Strong growth in loans, deposits and assets under management across client segments. Net profit stable, influenced by extraordinary factors

Press release

Prague, 3 August 2016 – Komerční banka today reported consolidated results for the first half of 2016. The Bank saw the number of its clients increase by 12,000 to 1,649,000. The volume of loans to clients expanded by 9.9% to CZK 570.8 billion, volume of deposits grew by 9.3% to CZK 694.3 billion, and volume of non-bank assets under management1 improved by 8.3% to CZK 144.5 billion.

  • Total lending to clients expanded by a strong 9.9% to CZK 570.8 billion. Year on year, KB strengthened its market position in lending across the segments, and especially to individuals, entrepreneurs and non-financial corporations
  • Deposits from clients within KB Group rose by 9.3% to CZK 694.3 billion
  • Client assets in mutual funds, pension savings and life insurance grew by 8.3% to CZK 144.5 billion
  • The Core Tier 1 capital adequacy ratio stood at 15.3%
  • Reported net profit was stable at CZK 6.7 billion while the net adjusted for non-recurring items declined, because the growth in business did not fully offset the margin pressure and higher cost of risk

 

Total revenues were up by 5.3% to CZK 16.3 billion. This figure was influenced by an extraordinary gain from reimbursement for KB’s stake in VISA Europe Ltd. When excluding this item, revenues were down by 0.9%2 . Operating expenditures decreased by 0.1% to CZK 7.2 billion. The cost of risk increased to CZK 0.8 billion from the very low figure of the previous year’s first half (CZK 0.1 billion). The reported net profit attributable to shareholders thus remained almost stable year on year at CZK 6.7 billion (+0.8%). Excluding the gain related to VISA Europe, the net profit declined by 10.9% year on year.

“The business results of the first half are very satisfactory as we continue to support our clients with advantageous solutions for day-to-day banking, financing, savings and investments, as well as for hedging of financial risks. The underlying financial performance, on the other hand, is clearly hampered by the extreme interest rate environment and increasing costs due to regulation. In such context, we are striving to take full advantage of our strengths in terms of client relationships, market expertise, operational efficiency, capital strength and liquidity,” related Albert Le Dirac’h, KB’s Chairman of the Board of Directors and Chief Executive Officer.

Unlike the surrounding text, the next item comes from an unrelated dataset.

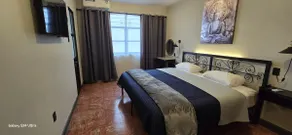 La Casa del Puente - Image 5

As of 30 June 2016, KB Group’s Common Equity Tier 1 capital adequacy stood at 15.3%. The Czech National Bank informed KB that in accordance with its assessment of KB’s systemic importance the Bank’s systemic risk buffer should be lifted to 3.0% from 2.5% as from 1 January 2017. This is in addition to the previously announced decision of the CNB to increase the rate of countercyclical capital buffer from 1 January 2017 to 0.5% (from 0%). In its Financial Stability Report, the CNB also provided a stricter interpretation of Basel III rules on interaction of regulatory capital buffers, effectively leading to stricter Overall Capital Requirement for banks. Further changes to the capital requirements may arise from the continuing annual Supervisory Review and Evaluation Process.

With the new information on further important increase in the capital requirements, the Board of Directors of KB decided to put under review the previously communicated guidance on dividend distribution from the result of 2016. Under the current assumption of no additional changes to the capital requirements to be incurred in 2016, KB should be able to sustain the organic development of its business activities by returning to the level of dividend pay our ratio usual before the period of increased dividend distribution (from 2014).

Liquidity measured as the ratio of net loans to deposits was at a solid 80.1%.

KB had 45,826 shareholders (+2,992 year on year), of which 40,244 were private individuals from the Czech Republic (+2,578 year on year).

Comments on business and financial results

The published financial data are from unaudited consolidated results under IFRS (International Financial Reporting Standards).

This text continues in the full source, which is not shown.